■ **What the task requires**
Return the whole listing unchanged. Drop the images.

■ **Data segment**
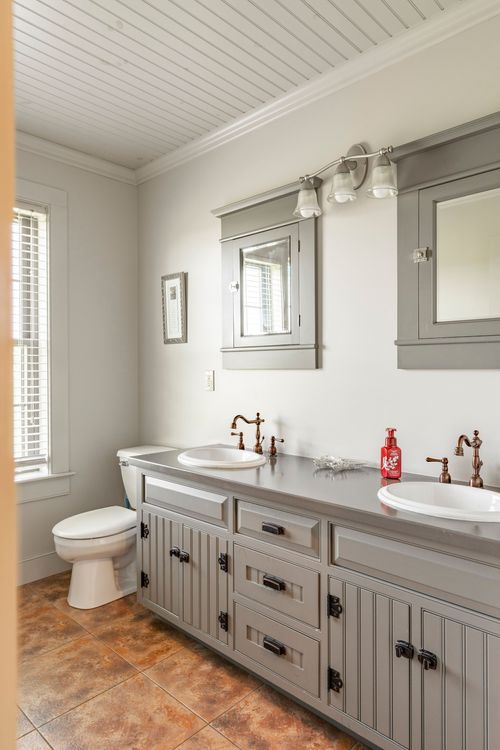 Bathroom with a gray double vanity, mirrored medicine cabinets and terracotta tile floor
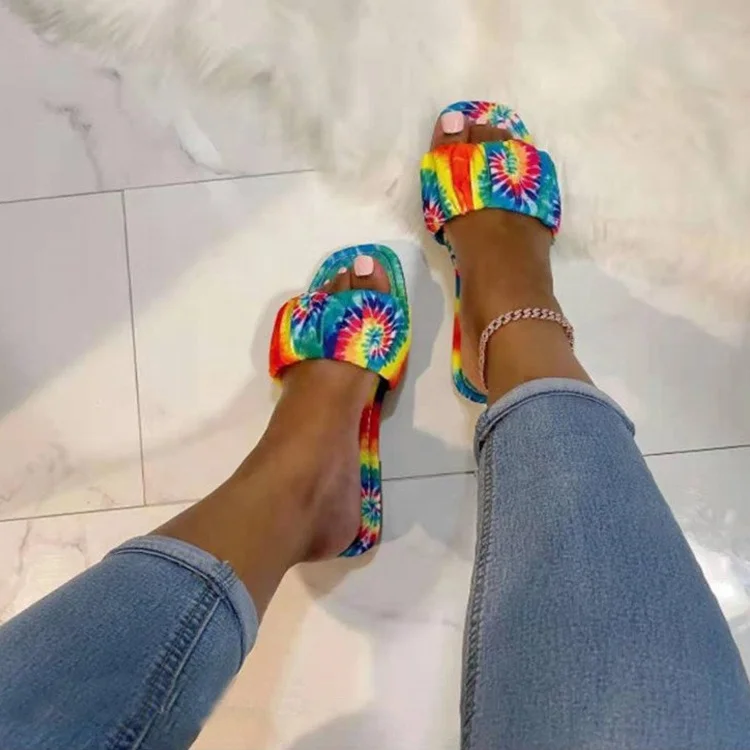 European Summer Ladies Plus Size Sandals Shoes Elastic Band Tie Dye Beach Sandals 
European Summer Ladies Plus Size Sandals Shoes Elastic Band Tie Dye Beach Sandals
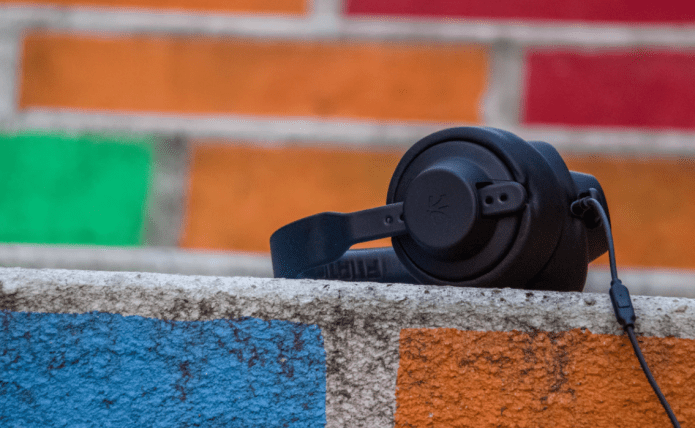 headset with colors in the background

■ **Result of the exercise**
 Bathroom with a gray double vanity, mirrored medicine cabinets and terracotta tile floor
 European Summer Ladies Plus Size Sandals Shoes Elastic Band Tie Dye Beach Sandals 
European Summer Ladies Plus Size Sandals Shoes Elastic Band Tie Dye Beach Sandals
 headset with colors in the background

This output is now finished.